The Chemistry of Fentanyl and Its Implications on Brain Development: A Review

Since its discovery in 1960 by Paul Janssen, fentanyl has emerged as one of the central substances in the global opioid crisis because of its high potency (50–100 times that of morphine) and rapid penetration through the blood-brain barrier. Following the PRISMA 2020 guidelines for reporting systematic reviews and meta-analyses, this systematic review synthesizes the results of ten empirical studies (2018–2025) analyzing fentanyl's chemical characteristics and neurodevelopmental effects.
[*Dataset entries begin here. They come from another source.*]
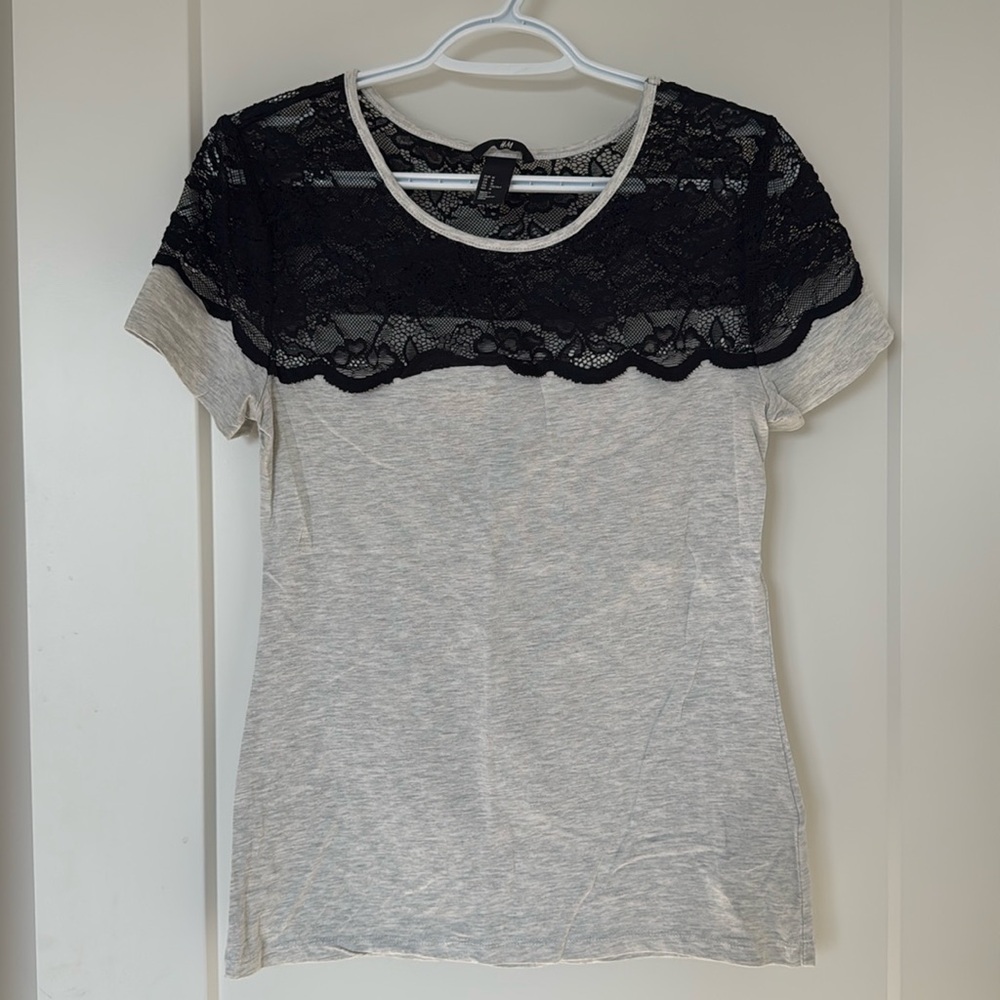 H&M t-shirt with lace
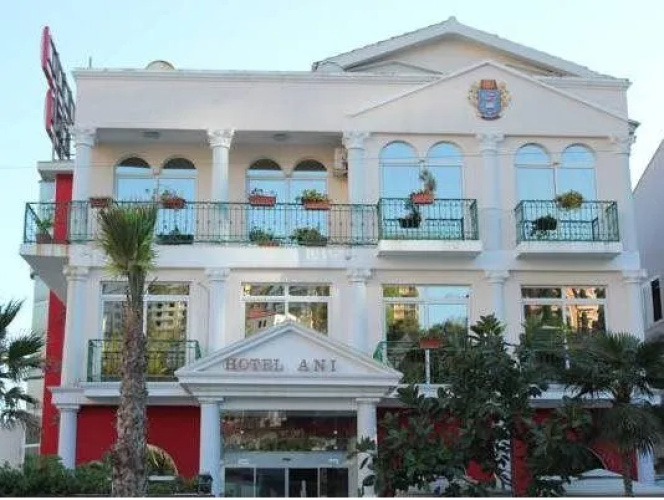 Hotel Ani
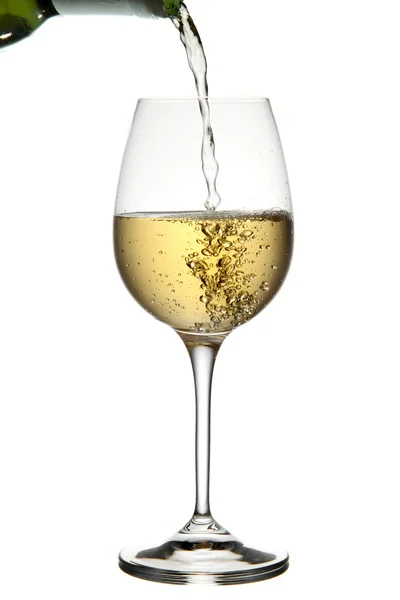 Beyaz şarap dök. — Stok fotoğraf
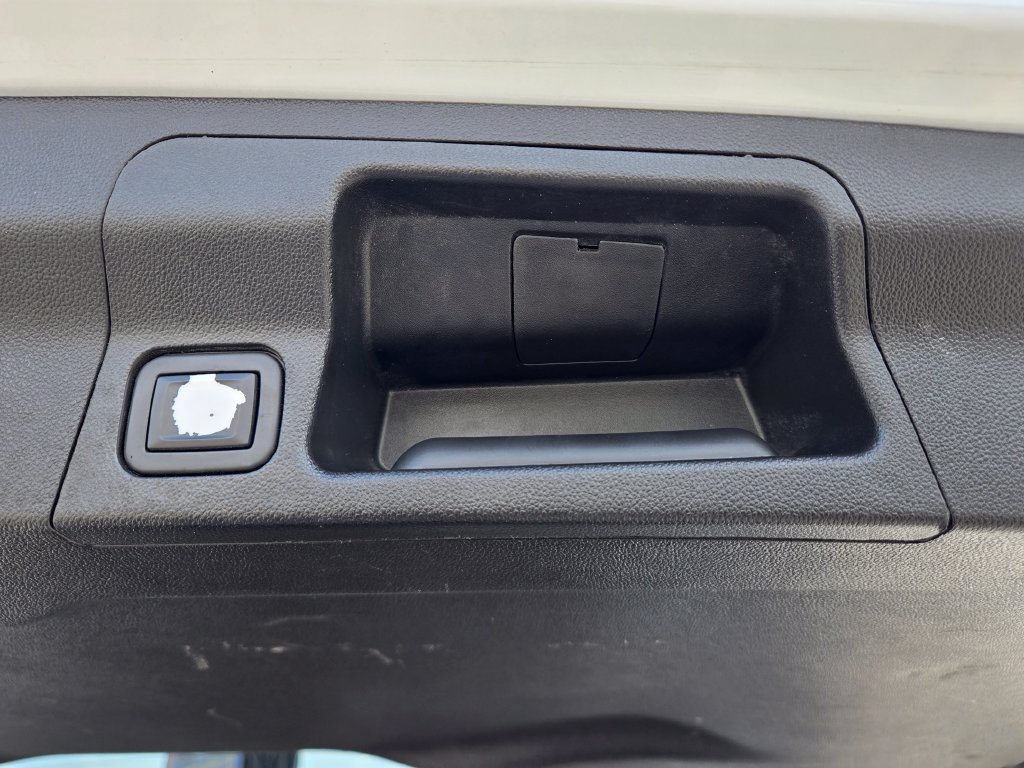 Used 2020 GMC Acadia Denali w/ Technology Package FWD image 26
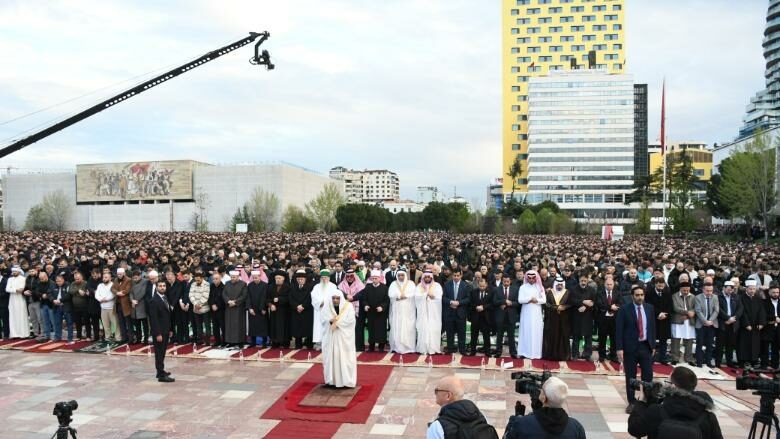 Namazi i Fitër Bajramit në Tiranë falet para kohe, Komuniteti Mysliman del me sqarim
The findings demonstrate that fentanyl disrupts synaptic development through µ-opioid receptor (MOR) agonism, induces neuronal apoptosis via oxidative stress pathways, alters gene expression in reward circuits, and produces lasting cognitive deficits. After perinatal exposure, preclinical studies have revealed persistent dysfunction of the somatosensory system and transcriptomic alterations in the nucleus accumbens. Clinical meta-analyses have demonstrated that children exposed to such chemicals suffer from serious cognitive and motor impairments. This review addresses the critical gap in integrating the specific molecular chemistry of fentanyl, its phenylpiperidine structure (C₂₂H₂₈N₂O), lipophilicity (logP ~ 4.0), and high receptor affinity with neurodevelopmental mechanisms. Future research should focus on computational chemistry approaches to design safer analogs and neuroprotective strategies. This study contributes to Sustainable Development Goal 3 (Target 3.5) by providing an evidence base for chemistry-informed harm reduction and prevention strategies.